Para empeorar las cosas, el gigantismo del decorado empequeñece a personajes que frecuentemente no saben qué hacer. Durante el anuncio de la muerte, Sigmund revolea su Notung como si la espada pesara veinte gramos y mete y saca su arma por lo menos cuatro veces (las conté) de un barril arrumbado en un rincón. El héroe muere … no se puede ver bien cómo, en medio del andamiaje donde Wotan, Brünhilde y Hunding se mueven sin ton ni son en medio de los camarógrafos encargados de filmar lo que vemos en una nueva pantalla colocada en la parte superior.
Durante la cabalgata de las valkirias varias damas elegantes suben y bajan por la instalación petrolera en medio de cadáveres, pero, ¡alerta! ¿Es que no habéis visto una estrella roja de neón alumbrando desde la torre un amanecer diferente después de la muerte de Hunding-Rotschild?

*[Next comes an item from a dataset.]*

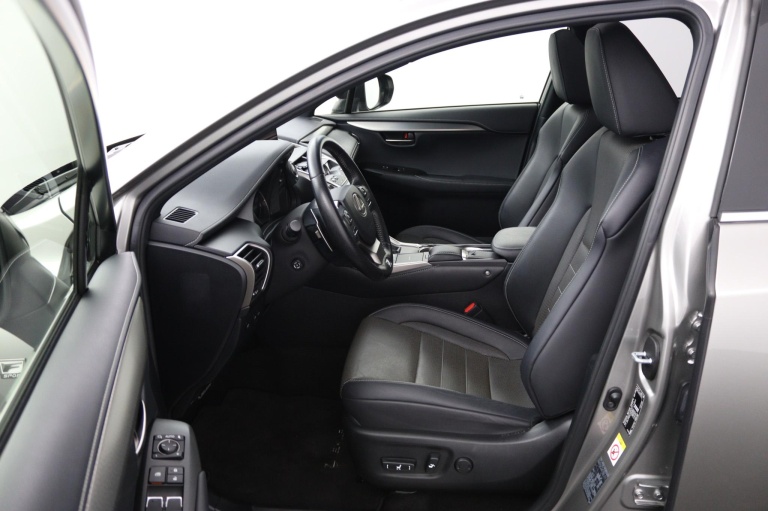 Lexus NX - 300h AWD F F SPORT Line 17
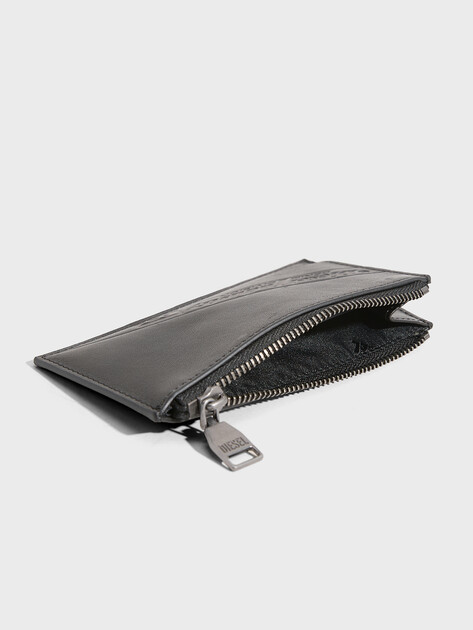 Мужской картхолдер DIESEL FLAG-D CARD HOLDER III, Артикул X10617, черный | 4965453. Ракурс 3 Мужской картхолдер DIESEL FLAG-D CARD HOLDER III, Артикул X10617, черный | 4965453. Ракурс 3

Sea como sea, el principal problema para quienes quieran tomarse a Wagner en serio es que las ideas y venidas del segundo acto han impedido a Wotan y Brünhilde estrechar el vínculo que tan desgarradoramente deberán aniquilar con su despedida. Es así que el beso final de Wotan a su hija carece de mayor sentido si no han logrado sellar su amor y comprensión durante las escenas anteriores. ¡Tan ocupados se encontraban supervisando las instalaciones petroleras! Es en medio de estas instalaciones que Brünhilde desaparece para acostarse a dormir en algún lado que veremos por cortesía de un camarógrafo. Un barril comienza a vomitar fuego en el medio de la escena pero esta vez ni el sensible y diferenciado fraseo impuesto por Petrenko alcanza a encender la emoción de una escena final que no admite digresiones o aparatosidades escénicas. La Brühnilde de Catherine Foster es de timbre lírico, poderoso y lacerantemente proyectado. Estas virtudes le ayudan a disfrazar estridencias y esconder algunos problemas de entonación.
A diferencia del lector de Mundo Clásico que sabrá del resto del nuevo Anillo de Bayreuth en mi próxima crítica, Rene Kollo prefirió devolver las entradas para Siegfried y Ocaso de los Dioses. En sus declaraciones a Die Welt am Sontag (28.7.2013), este Sigfried de la puesta neomarxista y verdaderamente revolucionaria que sacudió a Bayreuth a fines de los setenta confesó que no veía sentido a la regie de Castorf y lo habían agotado esas filmaciones constantemente introducidas con el objeto de “modernizar” la acción transformándola en una especie de tira y afloja interactivo. En alusión a los pretendidas vodkas que los personajes se pasan ingiriendo a borbotones, Kollo comentó con la percepción de un experimentado: “Ach! ¡Eso de necesitar siempre una botella de agua a mano que tienen los cantantes jóvenes! Nosotros podíamos tomarnos cinco cervezas antes de la función y dos botellas de vino después ¡y quedábamos como si nada!”